Narrative sections are presented as three-dimensional animated cinematics, with camera movements and full voice acting in Japanese and English. The Escape sections, which include thirteen different rooms, involve the player searching the room for tools and clues through a point-and-click interface in a first-person perspective and solving puzzles. The puzzles are mostly self-contained, and test the player's problem-solving skills and memory; among these are puzzles where the player has to decipher messages, and ones where they have to align the sides of a three-dimensional object correctly.
After completing an Escape section, the player needs to take a stance in a moral decision; one such decision involves one character being locked into a chair with a gun next to it and another character inside an incinerator. To stop the incinerator, the player needs to choose to pull the trigger, which has a 50% possibility of firing a live bullet, killing the character in the chair. The way the decisions are made varies: some involve choosing between options, and some have the player input their own answer.

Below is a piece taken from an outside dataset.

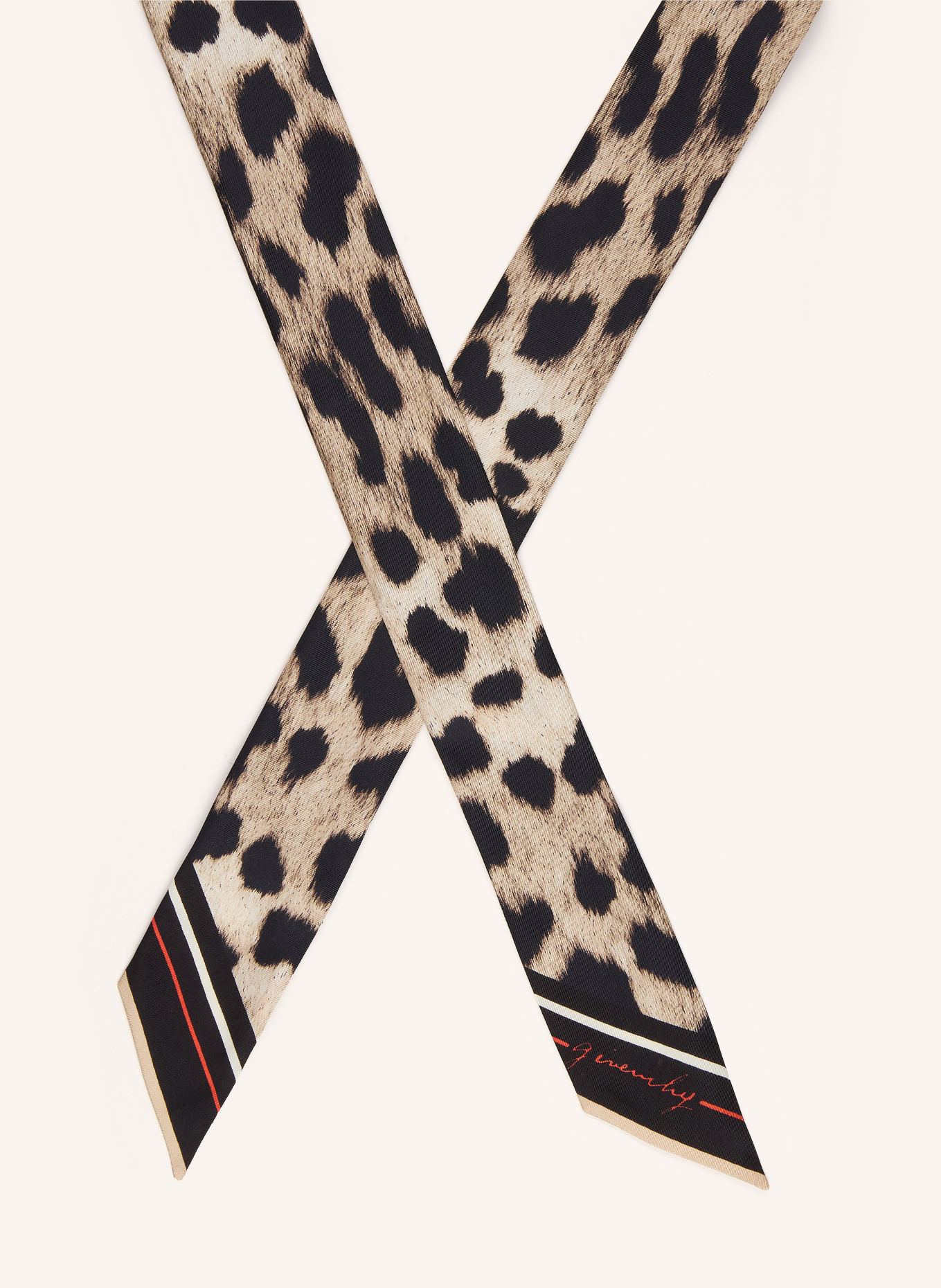 GIVENCHY Silk scarf: BEIGE / RED / BLACK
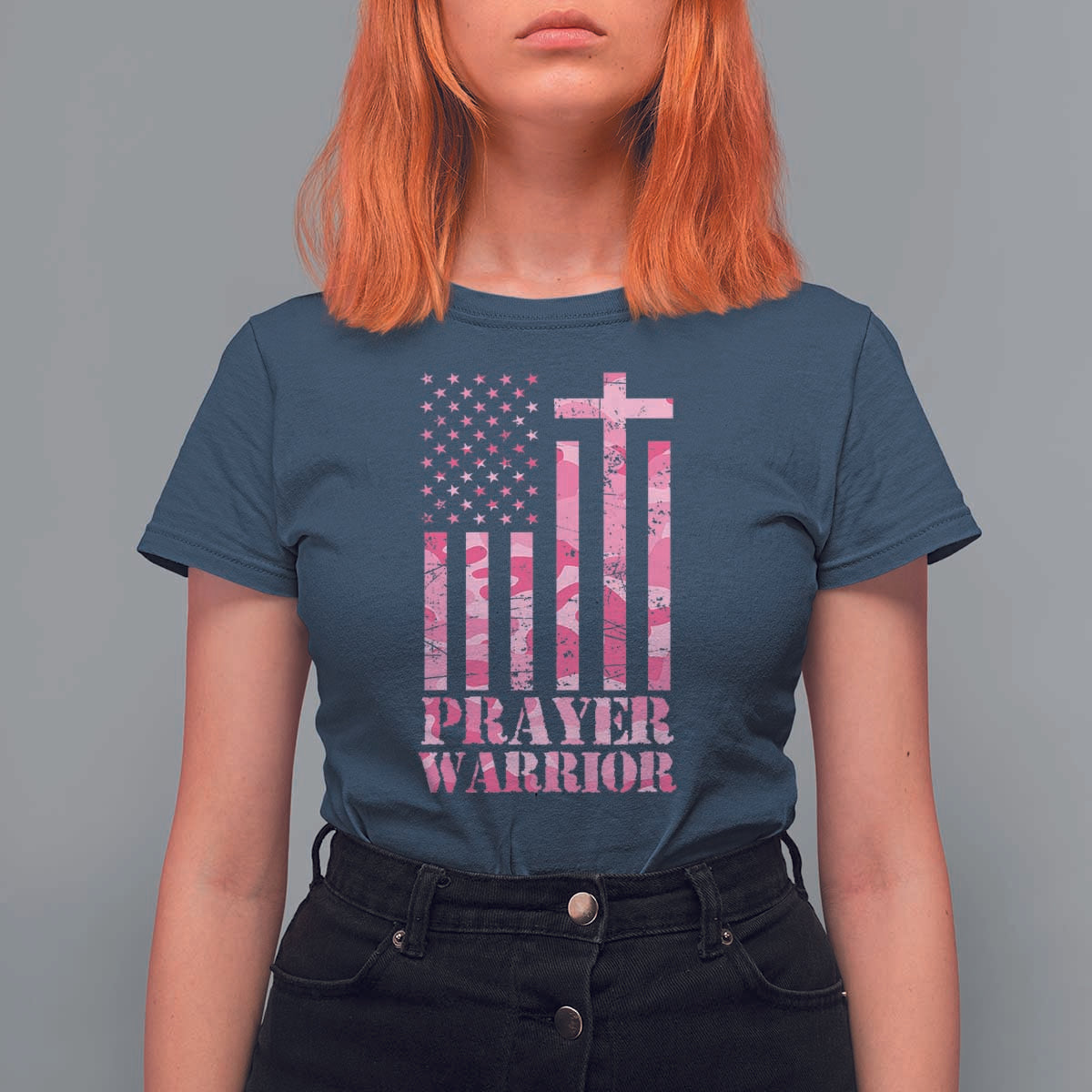 Prayer Warrior T Shirt For Women Camo American Flag Christian Pray - Wonder Print Shop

Setting and charactersEdit
Zero Time Dilemma is set between the events of Nine Hours, Nine Persons, Nine Doors and Virtue's Last Reward. The game follows nine characters who have been locked up in an underground nuclear bomb shelter and are forced to play a death game called the Decision Game, which is led by a masked person known as Zero. The shelter is divided into three wards, with three people placed in each section, making up three teams: C-Team, Q-Team, and D-Team. To get to the central elevator hall and escape, the characters need six passwords; one password is revealed each time one of them dies. The characters are all wearing watches that inject them with a drug every 90 minutes, inducing memory loss. Heavily involved in the game's lore is the many-worlds theory, where every decision made creates alternate universes where the opposite was chosen; these timelines make up the game's multiple routes.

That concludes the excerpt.